** DATA TO EXAMINE follows **
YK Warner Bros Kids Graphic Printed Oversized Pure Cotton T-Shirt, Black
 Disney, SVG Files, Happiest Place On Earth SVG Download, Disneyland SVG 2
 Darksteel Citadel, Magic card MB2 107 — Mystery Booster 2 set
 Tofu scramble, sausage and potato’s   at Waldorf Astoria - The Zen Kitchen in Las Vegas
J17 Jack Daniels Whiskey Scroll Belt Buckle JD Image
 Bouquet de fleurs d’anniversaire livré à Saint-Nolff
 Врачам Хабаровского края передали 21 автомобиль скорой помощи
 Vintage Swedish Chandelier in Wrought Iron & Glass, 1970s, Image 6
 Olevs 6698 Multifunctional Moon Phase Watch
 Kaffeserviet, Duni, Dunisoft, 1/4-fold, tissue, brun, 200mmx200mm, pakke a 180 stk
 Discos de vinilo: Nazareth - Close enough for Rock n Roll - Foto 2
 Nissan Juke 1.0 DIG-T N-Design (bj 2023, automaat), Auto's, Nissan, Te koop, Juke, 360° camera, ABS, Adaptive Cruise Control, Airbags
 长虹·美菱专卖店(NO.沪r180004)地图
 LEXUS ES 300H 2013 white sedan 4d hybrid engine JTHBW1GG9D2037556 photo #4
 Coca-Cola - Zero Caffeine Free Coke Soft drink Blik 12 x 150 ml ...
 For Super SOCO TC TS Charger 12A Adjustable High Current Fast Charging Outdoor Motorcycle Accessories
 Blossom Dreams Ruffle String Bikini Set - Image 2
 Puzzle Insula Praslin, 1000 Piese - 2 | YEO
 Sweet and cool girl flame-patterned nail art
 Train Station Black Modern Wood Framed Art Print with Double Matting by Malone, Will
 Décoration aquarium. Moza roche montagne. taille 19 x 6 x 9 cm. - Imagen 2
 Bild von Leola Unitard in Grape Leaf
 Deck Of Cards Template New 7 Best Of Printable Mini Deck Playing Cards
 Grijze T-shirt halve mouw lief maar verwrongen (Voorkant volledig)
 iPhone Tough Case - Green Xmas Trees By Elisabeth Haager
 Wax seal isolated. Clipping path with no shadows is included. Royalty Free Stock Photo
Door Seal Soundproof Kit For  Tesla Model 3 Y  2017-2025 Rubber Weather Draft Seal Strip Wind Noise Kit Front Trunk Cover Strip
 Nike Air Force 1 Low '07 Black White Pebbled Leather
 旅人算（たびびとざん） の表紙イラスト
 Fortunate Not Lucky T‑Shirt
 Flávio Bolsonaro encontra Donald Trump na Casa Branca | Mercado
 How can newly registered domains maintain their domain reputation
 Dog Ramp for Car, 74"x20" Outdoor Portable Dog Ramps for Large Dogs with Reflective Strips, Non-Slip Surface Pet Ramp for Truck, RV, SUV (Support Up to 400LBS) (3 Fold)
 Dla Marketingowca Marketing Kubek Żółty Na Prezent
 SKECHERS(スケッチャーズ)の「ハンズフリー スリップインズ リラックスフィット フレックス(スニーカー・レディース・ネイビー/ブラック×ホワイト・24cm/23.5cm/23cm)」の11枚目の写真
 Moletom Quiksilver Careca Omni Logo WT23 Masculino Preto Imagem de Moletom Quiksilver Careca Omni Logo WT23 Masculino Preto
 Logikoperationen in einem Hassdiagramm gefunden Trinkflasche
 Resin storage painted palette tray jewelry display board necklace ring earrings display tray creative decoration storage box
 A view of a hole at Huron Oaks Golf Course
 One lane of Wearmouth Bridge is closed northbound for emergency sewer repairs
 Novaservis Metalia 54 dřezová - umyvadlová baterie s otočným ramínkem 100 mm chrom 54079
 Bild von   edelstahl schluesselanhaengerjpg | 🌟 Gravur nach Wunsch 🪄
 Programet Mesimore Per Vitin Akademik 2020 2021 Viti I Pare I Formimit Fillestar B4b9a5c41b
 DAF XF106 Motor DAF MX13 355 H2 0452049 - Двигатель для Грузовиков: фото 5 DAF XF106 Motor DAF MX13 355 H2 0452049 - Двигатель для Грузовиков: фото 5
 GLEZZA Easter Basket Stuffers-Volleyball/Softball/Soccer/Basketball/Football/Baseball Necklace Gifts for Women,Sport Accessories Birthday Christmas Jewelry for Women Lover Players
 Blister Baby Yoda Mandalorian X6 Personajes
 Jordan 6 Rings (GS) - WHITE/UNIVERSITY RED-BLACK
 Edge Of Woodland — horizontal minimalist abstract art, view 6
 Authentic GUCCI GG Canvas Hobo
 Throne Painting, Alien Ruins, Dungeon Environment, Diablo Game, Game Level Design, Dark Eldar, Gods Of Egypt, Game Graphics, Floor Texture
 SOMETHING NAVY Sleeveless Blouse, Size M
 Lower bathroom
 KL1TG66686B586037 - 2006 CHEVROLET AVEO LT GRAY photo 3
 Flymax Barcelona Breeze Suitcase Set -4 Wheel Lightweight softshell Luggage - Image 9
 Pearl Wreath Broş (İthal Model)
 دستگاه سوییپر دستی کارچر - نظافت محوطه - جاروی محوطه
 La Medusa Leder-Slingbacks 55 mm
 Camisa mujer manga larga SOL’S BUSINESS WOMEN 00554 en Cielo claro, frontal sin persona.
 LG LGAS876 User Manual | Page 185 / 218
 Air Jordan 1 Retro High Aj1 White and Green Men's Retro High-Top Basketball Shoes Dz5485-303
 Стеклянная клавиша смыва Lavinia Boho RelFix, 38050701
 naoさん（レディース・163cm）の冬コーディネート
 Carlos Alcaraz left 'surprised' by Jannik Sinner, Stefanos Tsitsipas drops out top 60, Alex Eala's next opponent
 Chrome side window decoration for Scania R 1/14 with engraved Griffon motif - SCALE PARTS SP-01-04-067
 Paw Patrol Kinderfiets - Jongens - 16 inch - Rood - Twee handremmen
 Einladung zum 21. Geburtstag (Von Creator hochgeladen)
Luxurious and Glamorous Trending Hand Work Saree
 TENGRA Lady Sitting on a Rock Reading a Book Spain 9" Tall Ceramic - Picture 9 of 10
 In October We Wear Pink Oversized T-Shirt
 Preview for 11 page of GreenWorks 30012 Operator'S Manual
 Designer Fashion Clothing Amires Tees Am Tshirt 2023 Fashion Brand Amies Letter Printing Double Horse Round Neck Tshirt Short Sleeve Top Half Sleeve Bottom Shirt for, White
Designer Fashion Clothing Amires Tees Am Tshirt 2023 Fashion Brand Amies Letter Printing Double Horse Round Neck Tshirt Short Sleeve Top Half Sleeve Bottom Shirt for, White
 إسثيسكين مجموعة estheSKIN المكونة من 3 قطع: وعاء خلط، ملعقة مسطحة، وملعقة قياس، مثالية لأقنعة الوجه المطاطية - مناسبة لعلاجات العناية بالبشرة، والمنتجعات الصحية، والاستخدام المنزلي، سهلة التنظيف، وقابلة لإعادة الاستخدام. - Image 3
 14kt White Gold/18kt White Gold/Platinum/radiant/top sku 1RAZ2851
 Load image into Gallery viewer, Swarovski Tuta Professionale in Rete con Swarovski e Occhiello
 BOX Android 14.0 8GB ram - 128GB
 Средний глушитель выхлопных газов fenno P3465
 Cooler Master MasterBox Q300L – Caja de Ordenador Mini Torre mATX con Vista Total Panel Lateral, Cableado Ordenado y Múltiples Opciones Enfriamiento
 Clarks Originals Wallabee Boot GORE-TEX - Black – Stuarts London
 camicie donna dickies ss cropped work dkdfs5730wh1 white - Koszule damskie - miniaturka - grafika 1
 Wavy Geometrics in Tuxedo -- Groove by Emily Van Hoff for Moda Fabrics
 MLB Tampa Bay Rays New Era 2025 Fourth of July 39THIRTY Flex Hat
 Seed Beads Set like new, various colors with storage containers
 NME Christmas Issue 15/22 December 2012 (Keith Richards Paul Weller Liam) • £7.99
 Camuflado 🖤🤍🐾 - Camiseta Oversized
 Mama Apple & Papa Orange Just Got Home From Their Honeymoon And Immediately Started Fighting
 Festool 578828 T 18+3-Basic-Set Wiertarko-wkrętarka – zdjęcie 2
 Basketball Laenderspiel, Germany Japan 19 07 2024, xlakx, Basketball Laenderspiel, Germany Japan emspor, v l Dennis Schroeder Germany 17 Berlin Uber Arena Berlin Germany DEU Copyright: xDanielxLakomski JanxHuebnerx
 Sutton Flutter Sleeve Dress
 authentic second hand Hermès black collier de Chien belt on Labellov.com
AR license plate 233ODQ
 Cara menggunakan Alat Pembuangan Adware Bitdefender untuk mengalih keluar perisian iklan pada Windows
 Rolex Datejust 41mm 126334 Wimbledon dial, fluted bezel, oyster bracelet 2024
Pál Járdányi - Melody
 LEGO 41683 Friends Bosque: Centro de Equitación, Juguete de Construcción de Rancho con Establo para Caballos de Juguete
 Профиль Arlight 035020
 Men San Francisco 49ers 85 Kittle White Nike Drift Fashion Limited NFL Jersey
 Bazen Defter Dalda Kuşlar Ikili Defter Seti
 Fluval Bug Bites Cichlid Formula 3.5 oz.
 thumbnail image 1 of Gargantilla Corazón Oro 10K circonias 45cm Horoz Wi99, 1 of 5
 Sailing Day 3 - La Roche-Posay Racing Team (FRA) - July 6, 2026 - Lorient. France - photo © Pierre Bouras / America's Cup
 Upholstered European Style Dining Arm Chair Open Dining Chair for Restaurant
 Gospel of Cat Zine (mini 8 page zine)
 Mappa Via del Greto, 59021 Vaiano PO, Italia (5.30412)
** End of DATA TO EXAMINE **
(TASK GOAL) Keeping every character as it is, restate the lines above that run from the line with "J17 Jack Daniels" through the line with "长虹·美菱专卖店(NO.沪r180004)地图", both included, and nothing else.

(RESULT)
J17 Jack Daniels Whiskey Scroll Belt Buckle JD Image
 Bouquet de fleurs d’anniversaire livré à Saint-Nolff
 Врачам Хабаровского края передали 21 автомобиль скорой помощи
 Vintage Swedish Chandelier in Wrought Iron & Glass, 1970s, Image 6
 Olevs 6698 Multifunctional Moon Phase Watch
 Kaffeserviet, Duni, Dunisoft, 1/4-fold, tissue, brun, 200mmx200mm, pakke a 180 stk
 Discos de vinilo: Nazareth - Close enough for Rock n Roll - Foto 2
 Nissan Juke 1.0 DIG-T N-Design (bj 2023, automaat), Auto's, Nissan, Te koop, Juke, 360° camera, ABS, Adaptive Cruise Control, Airbags
 长虹·美菱专卖店(NO.沪r180004)地图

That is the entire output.